Slow Rolling Crimea Crisis—A Good Path


For John, BLUFIt is a crisis far from home and V. Putin is setting the pace.  Let us hope he isn't stupid.



Today's Poll Question at The [Lowell] Sun is "Should the US use military force in the Ukraine?  The good news is that it is running 9 to 1 against.  The accompanying Editorial says:
A crisis?  In no ncertain terms.
But no reason to usher in another Cold War.
And, one would presume, a hot one.

Over at the web magazine, War on the Rocks is a piece by Mr Mark Safranski, "Let's Slow Roll Any Moves Toward Crimean War II."

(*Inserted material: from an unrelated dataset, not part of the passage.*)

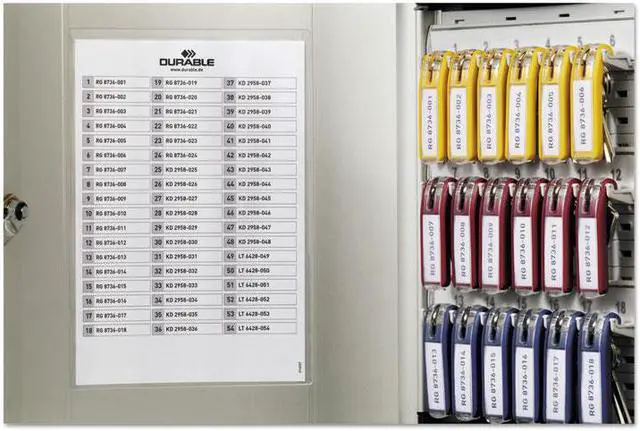 Alt view image 7 of 20 - Durable Locking Key Cabinet 54-Key Brushed Aluminum Silver 11 3/4 x 4 5/8 x 11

One of the more curious implicit assumptions about the crisis in Ukraine is that the subsequent occupation of the Crimea by Russia represents some kind of triumph for President Vladimir Putin and a defeat for the United States.  It is a weird, strategic myopia that comes from an unrealistic belief that the United States should be expected to have a granular level of political control over and responsibility for events on the entire planet.  We don’t and never can but this kind of political megalomania leads first to poor analysis and then worse policies.

Far from being entitled to do a victory lap, Putin’s mishandling of Ukraine has dealt Moscow a strategic defeat.  With artful bullying and a $15 billion bribe, Putin had pulled off a diplomatic coup by getting President Victor Yanukovych to reverse Ukraine’s nearly finalized deal with the European Union and align itself vaguely with Russia and Putin’s shabby League of Eurasian Dictators.  This would have been a tremendous strategic win for Russia to have Ukraine with its rich resources and key geographic location not only well-disposed to Moscow, but as a compliant satellite.  Much like Belarus, Ukraine would have been isolated from the West and dependent upon Russia.

Had Putin and Yanukovych left well enough alone the deal might have stuck, but instead they hastily tried to lock in their gains by creating a neo-siloviki regime around the uncharismatic Yanukovych through the passage of “the dictatorship laws”.  Unfortunately for Putin, as protests in Kiev exploded into mass demonstrations, Yanukovych proved spectacularly inept even as a puppet dictator, managing to be brutally murderous, hesitant, incompetent and cowardly enough to alienate foreign opinion, the Ukrainian military leadership, and even his own political base.  With Yanukovych having fled and now reduced to giving press conferences at Russian shopping malls, Putin decided to grab Crimea as a sort of a face-saving geopolitical consolation prize.

We do need to draw a line and we need to decide, along with our friends and allies, where that line should be.  Others are looking, including China.  Already, I suspect, Iran and North Korea have taken the lesson that you never give up nuclear weapons, as Ukraine did, in exchange for pledges of its independence and integrity being protected.

Regards  —  Cliff

  Current convention is "Ukraine", not "the Ukraine".  Who knew?